(Provided data begins)

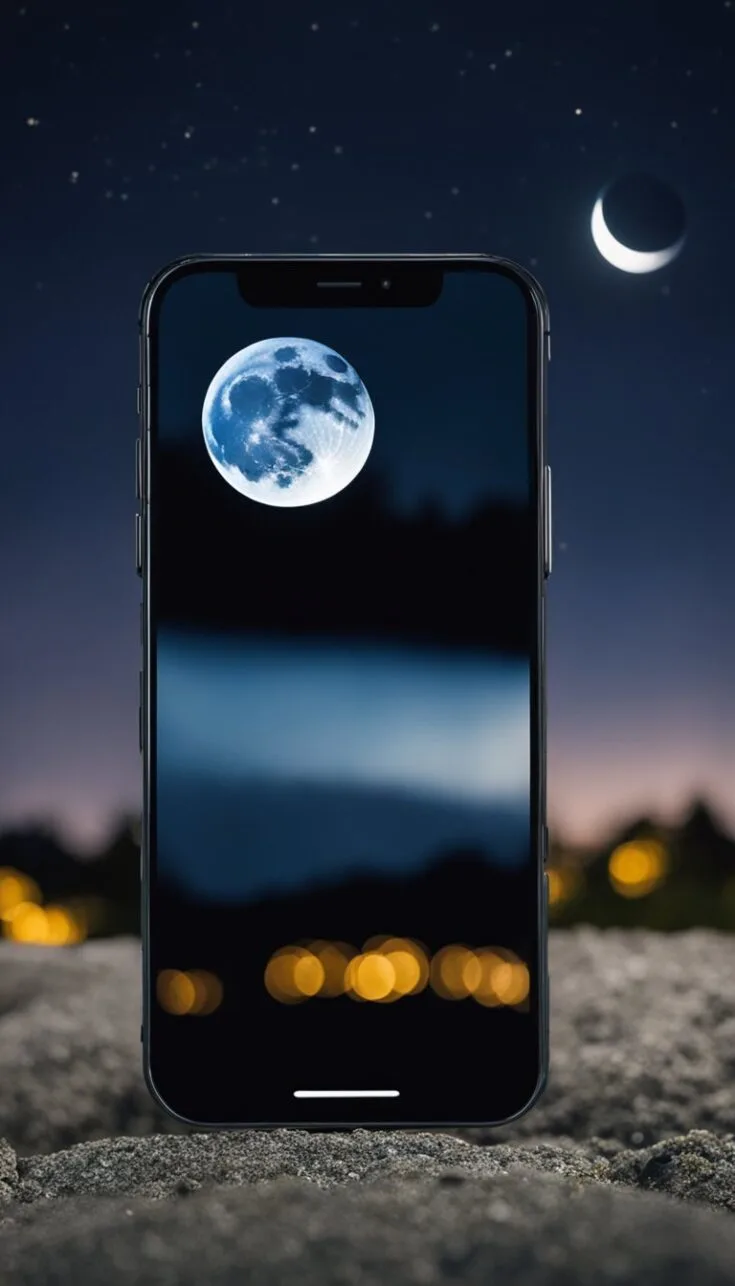 Image of a beautiful bright full moon being taken on an iPhone at night time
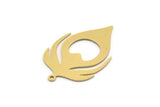 Brass Charm, 6 Raw Brass, Charm Pendants, Findings, Brass Charms With 1 Loop (31x19x0.60mm) SMP0472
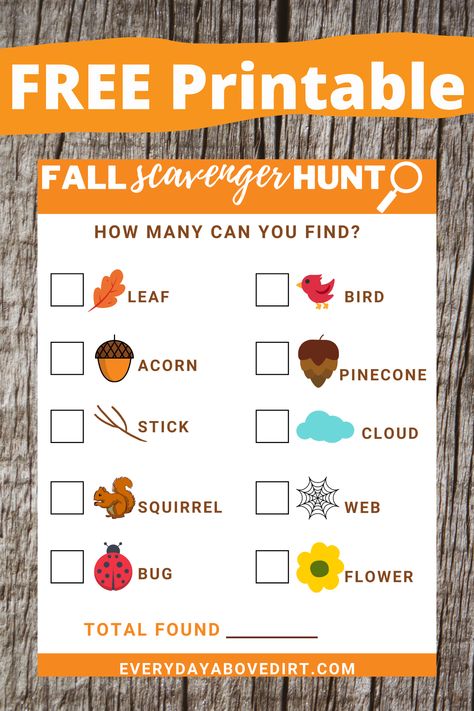 Printable Fall Scavenger Hunt for kids and families. Get outdoor and explore nature with this free printable. Super easy and fun. Plus, it's a great activity to do with the family. preschool | backyard | free printable | with clues | toddlers Hello Fall Activities For Kids, Preschool Fall Scavenger Hunt Printable, Preschool Fall Scavenger Hunt, November Scavenger Hunt, Preschool Nature Scavenger Hunt Free Printables, Signs Of Fall Scavenger Hunt, Fall Scavenger Hunt For Toddlers, Toddler Fall Scavenger Hunt, November Scavenger Hunt For Kids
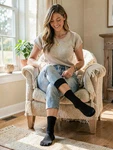 Md Usa Crab Yarn Summer Diabetic Crew Socks, Black, Medium Size 5-10. Fixed Price $8.90.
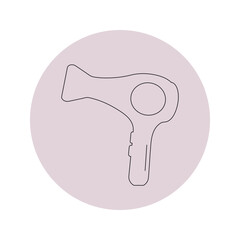 Vector hair dryer icon in a pink circle on a white background.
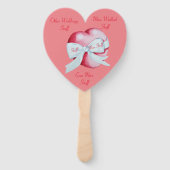 Éventail coeur rouge attaché avec des arcs blancs pour mari (Dos)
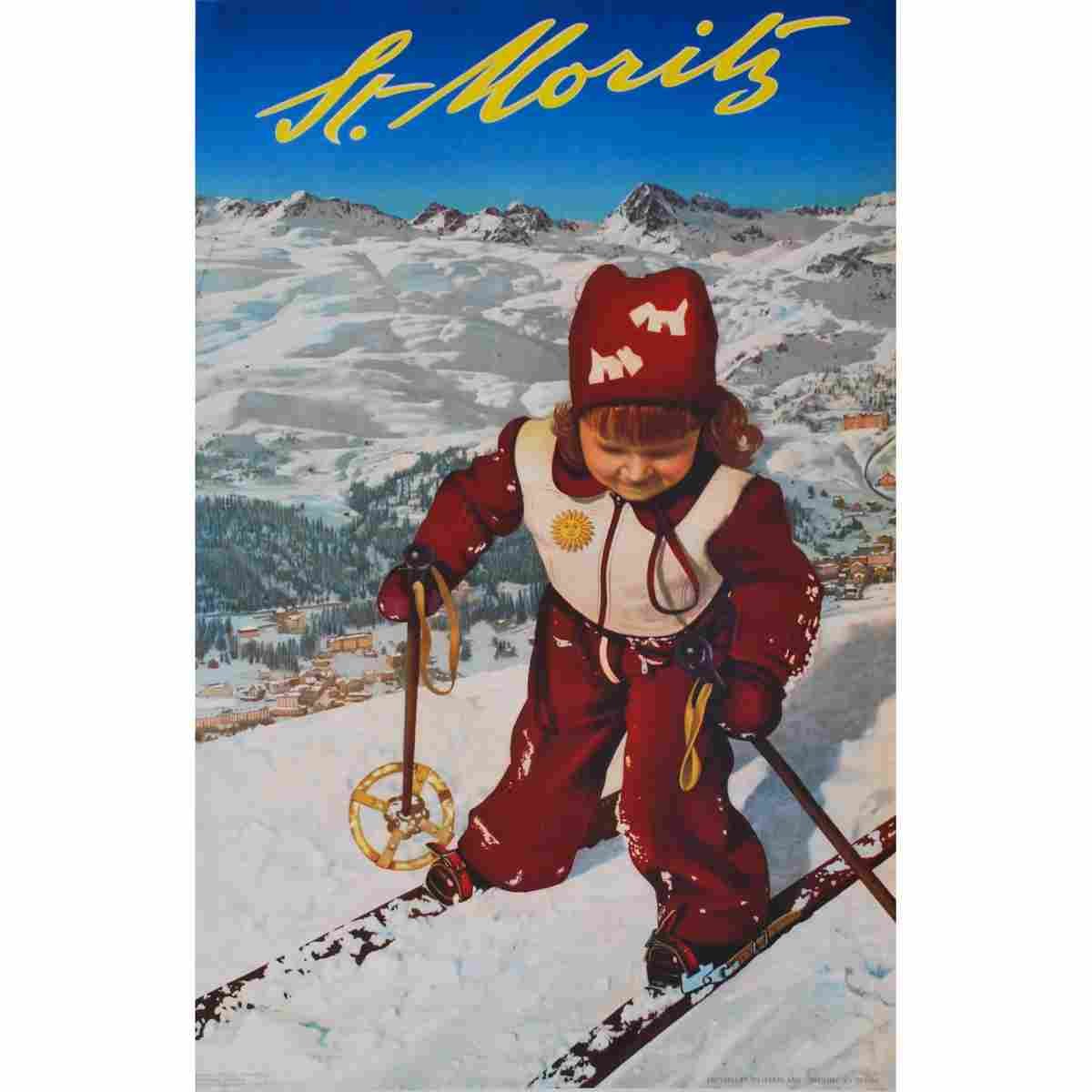 st moritz andreas pedrett 1950 2 Advert A4 Photo Print
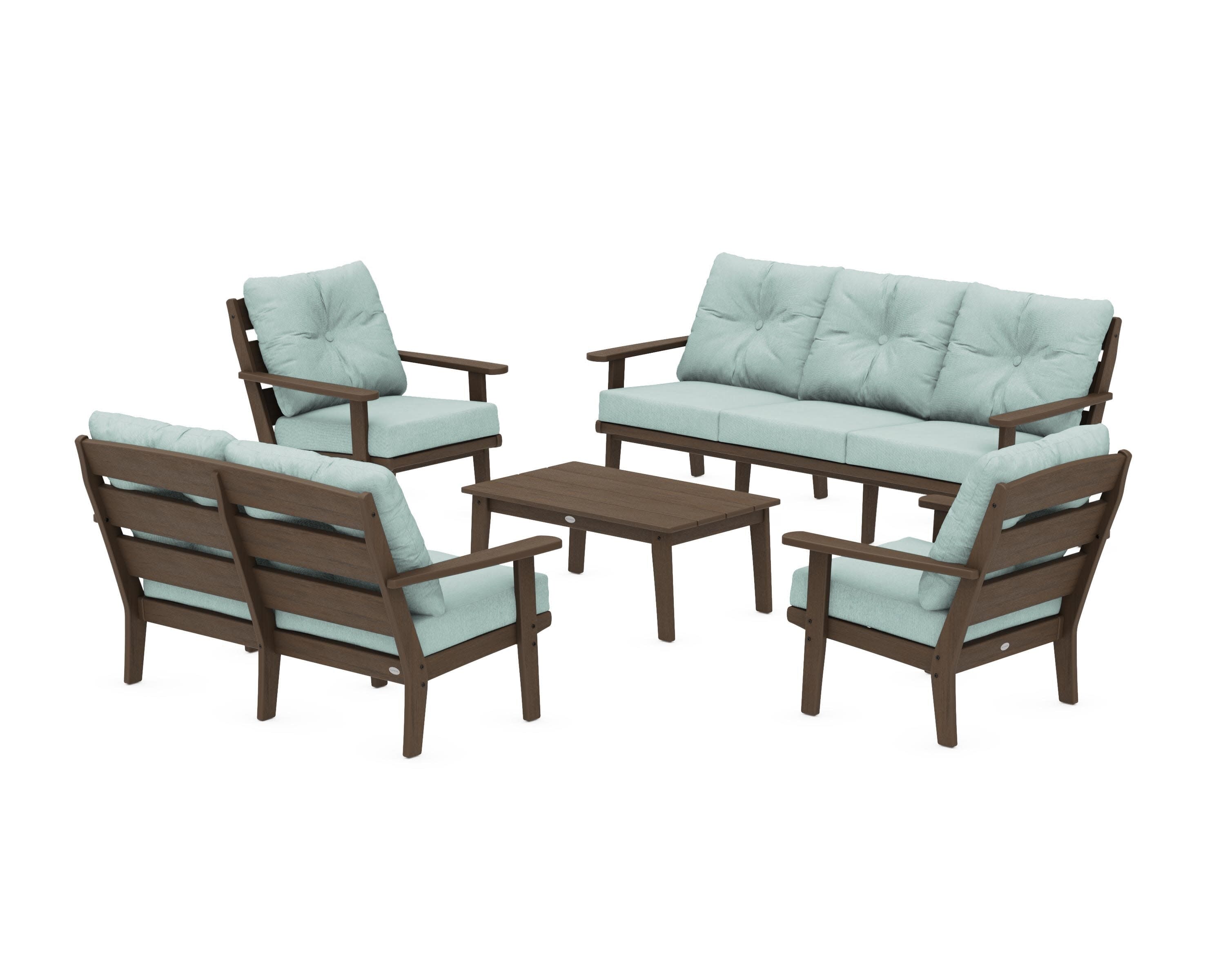 Lakeside 5-Piece Lounge Sofa Set in Kona / Glacier Spa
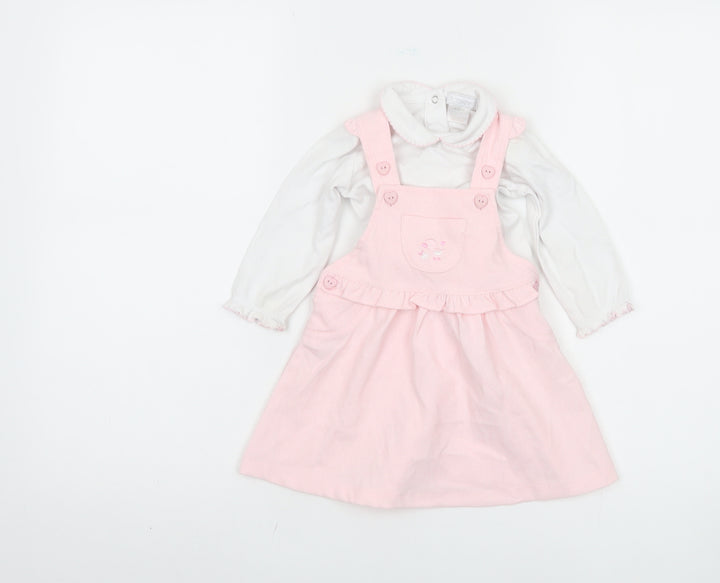 Amore Girls Pink Pinafore Dress 3-6 Months Collared Button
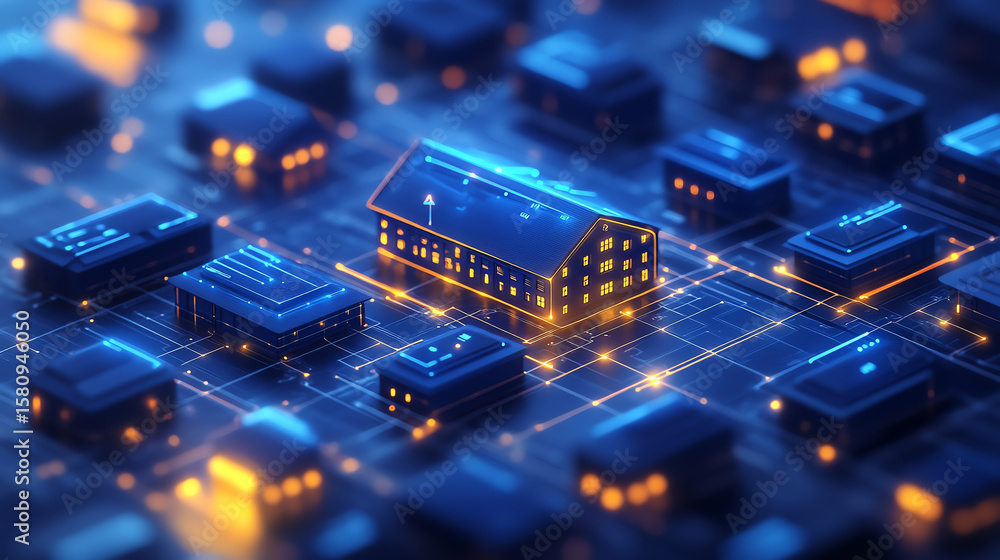 Poster a futuristic representation of a digital cityscape with glowing buildings connected by lines of data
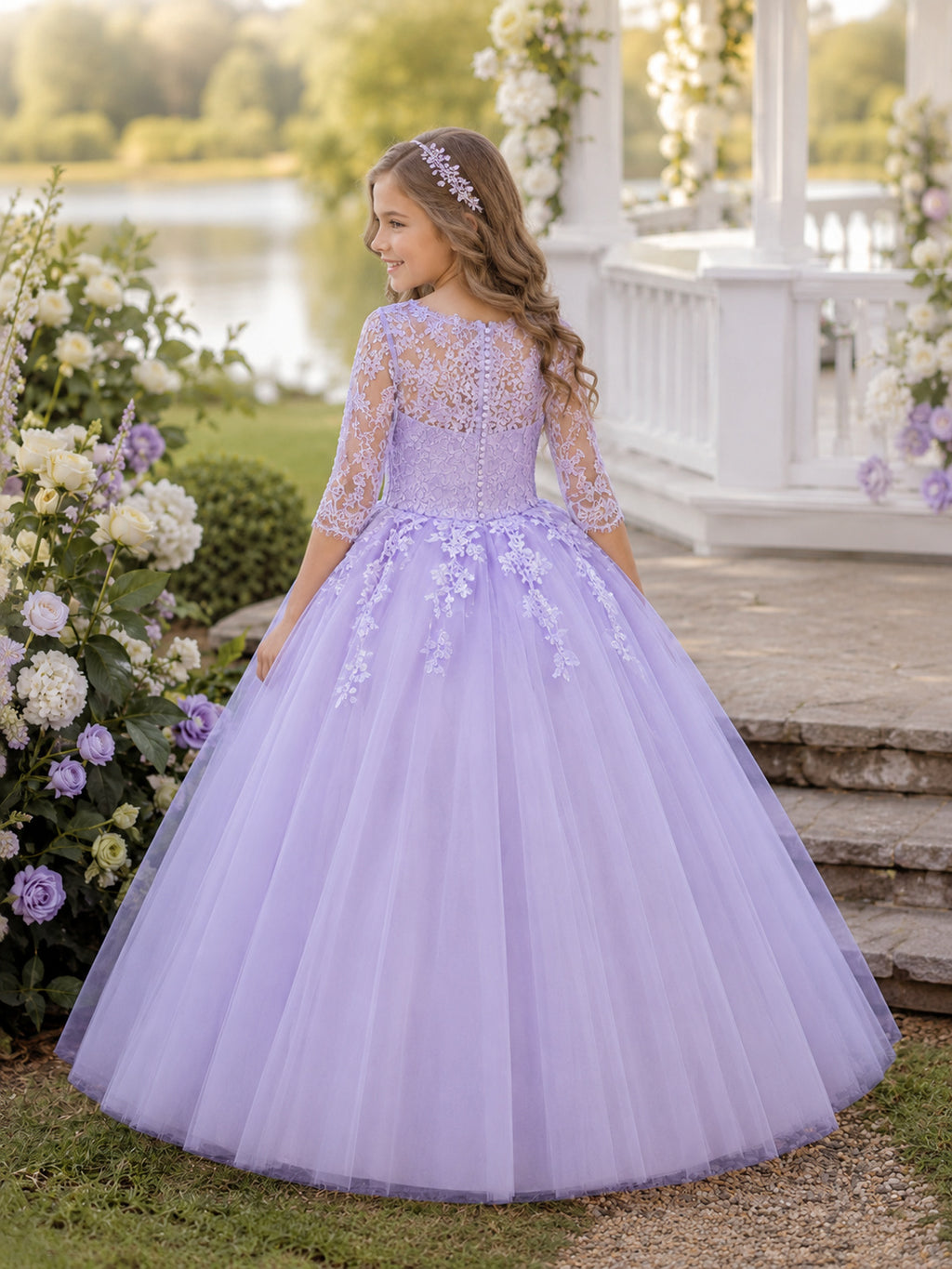 Lavender Floral Tulle Ball Gown Flower Girl Dress with Floor-Length Skirt back view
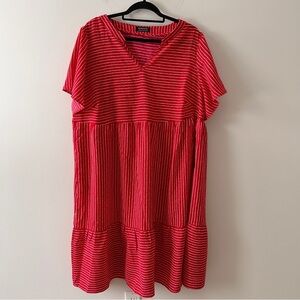 Bloomchic Women’s Plus Size 16-20 Midi Dress Red White Shift Tiered Festive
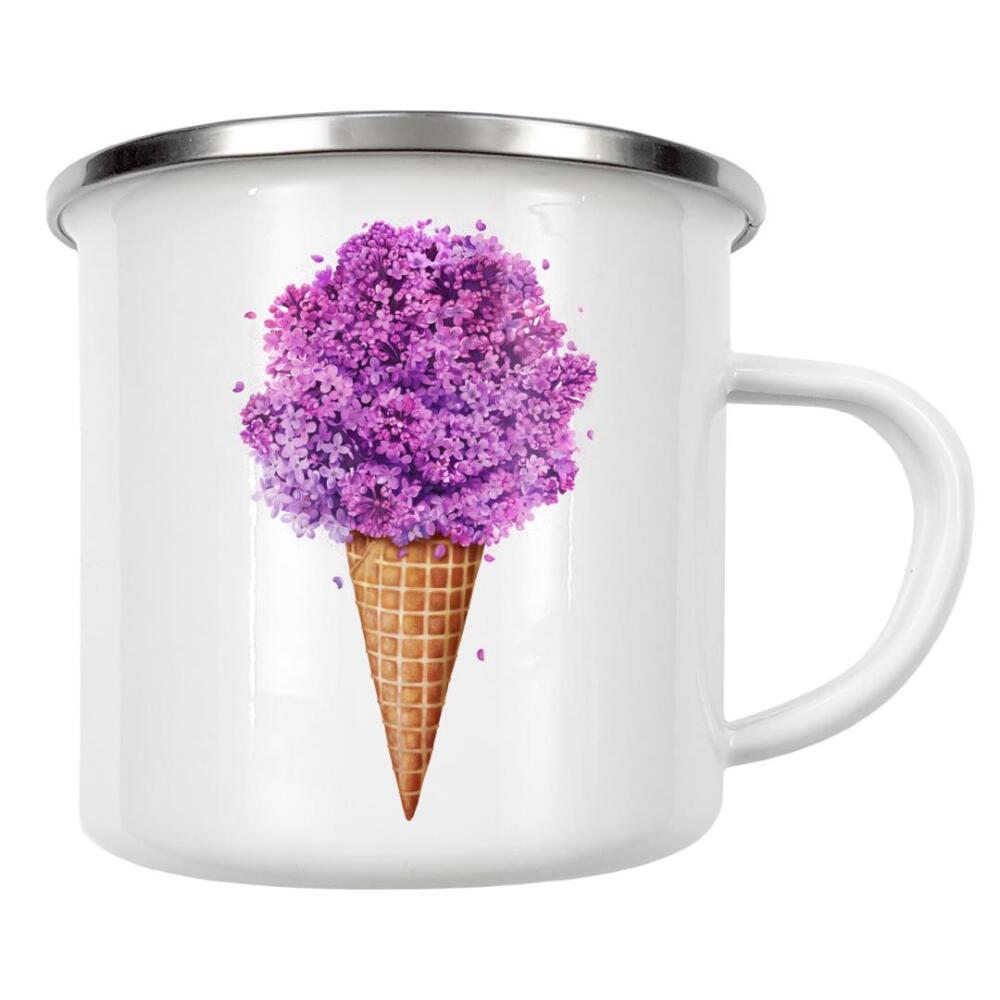 Emaille Tasse "Ice cream with lilac" artboxONE - Floral,Essen & Trinken,Ultraviolet
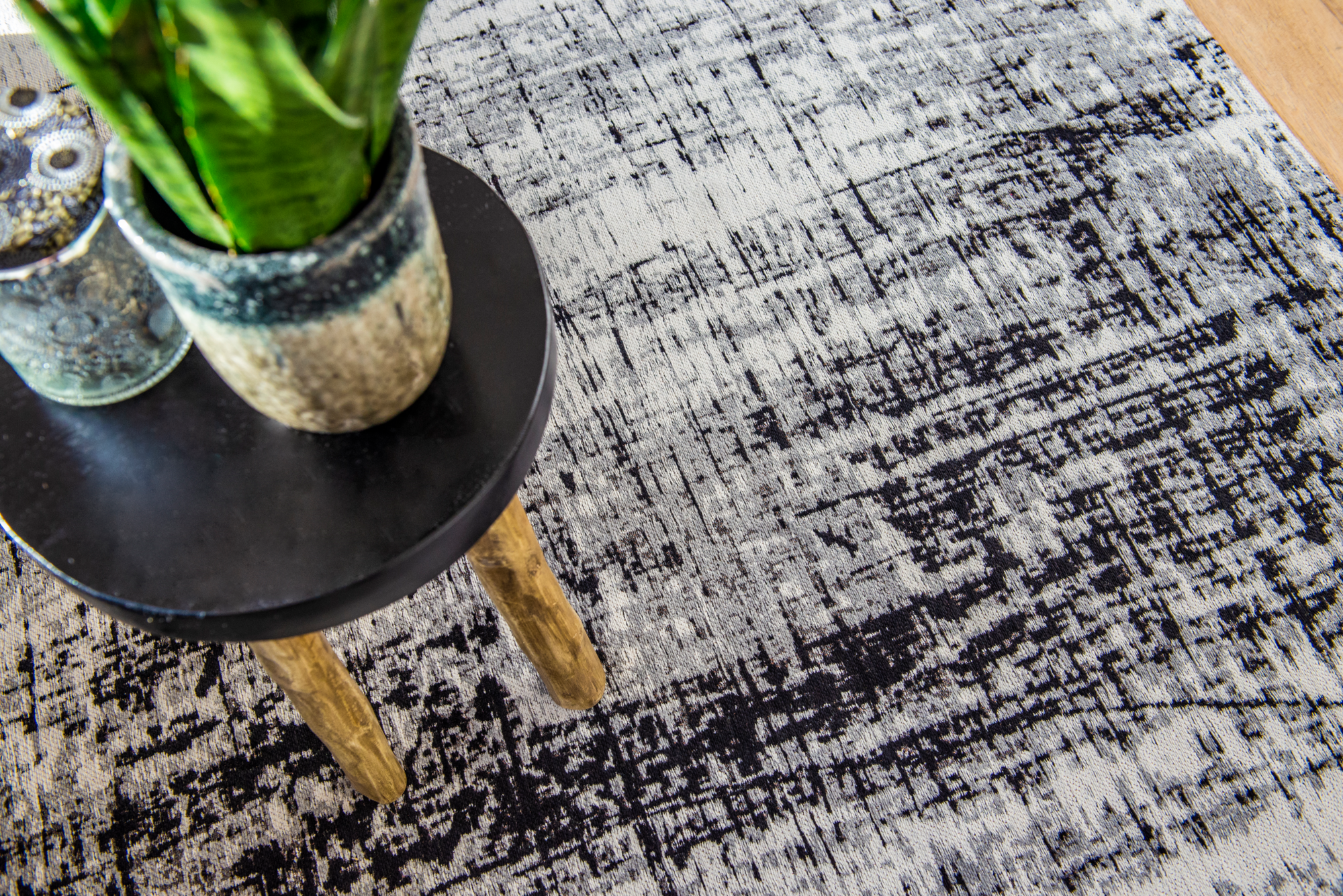 Ecorugs vloerkleed Griff zwart-wit 200x280 cm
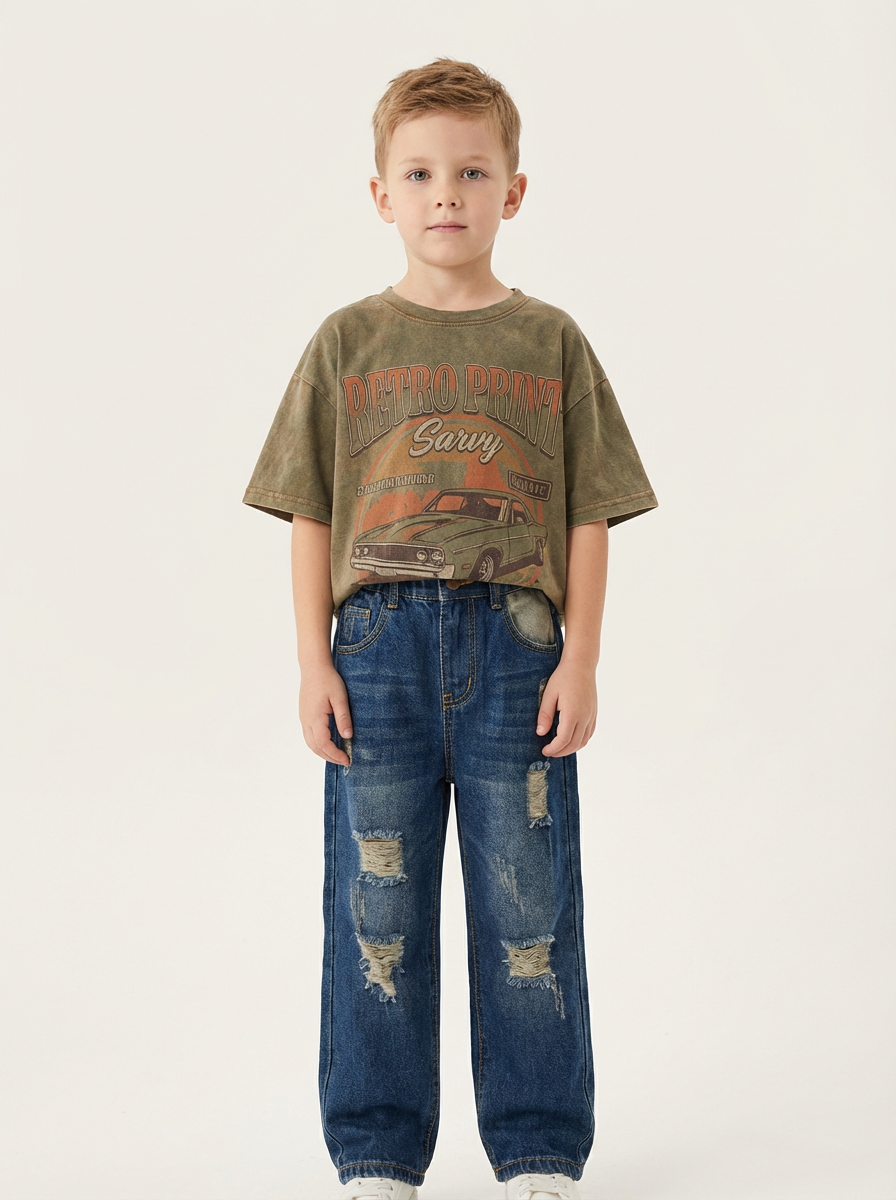 Boys blue distressed denim jeans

(Provided data ends)

From the first line to the last, repeat the material exactly, but drop the pictures.

■ Result of this exercise:
 Image of a beautiful bright full moon being taken on an iPhone at night time
 Brass Charm, 6 Raw Brass, Charm Pendants, Findings, Brass Charms With 1 Loop (31x19x0.60mm) SMP0472
 Printable Fall Scavenger Hunt for kids and families. Get outdoor and explore nature with this free printable. Super easy and fun. Plus, it's a great activity to do with the family. preschool | backyard | free printable | with clues | toddlers Hello Fall Activities For Kids, Preschool Fall Scavenger Hunt Printable, Preschool Fall Scavenger Hunt, November Scavenger Hunt, Preschool Nature Scavenger Hunt Free Printables, Signs Of Fall Scavenger Hunt, Fall Scavenger Hunt For Toddlers, Toddler Fall Scavenger Hunt, November Scavenger Hunt For Kids
 Md Usa Crab Yarn Summer Diabetic Crew Socks, Black, Medium Size 5-10. Fixed Price $8.90.
 Vector hair dryer icon in a pink circle on a white background.
 Éventail coeur rouge attaché avec des arcs blancs pour mari (Dos)
 st moritz andreas pedrett 1950 2 Advert A4 Photo Print
 Lakeside 5-Piece Lounge Sofa Set in Kona / Glacier Spa
 Amore Girls Pink Pinafore Dress 3-6 Months Collared Button
 Poster a futuristic representation of a digital cityscape with glowing buildings connected by lines of data
 Lavender Floral Tulle Ball Gown Flower Girl Dress with Floor-Length Skirt back view
 Bloomchic Women’s Plus Size 16-20 Midi Dress Red White Shift Tiered Festive
 Emaille Tasse "Ice cream with lilac" artboxONE - Floral,Essen & Trinken,Ultraviolet
 Ecorugs vloerkleed Griff zwart-wit 200x280 cm
 Boys blue distressed denim jeans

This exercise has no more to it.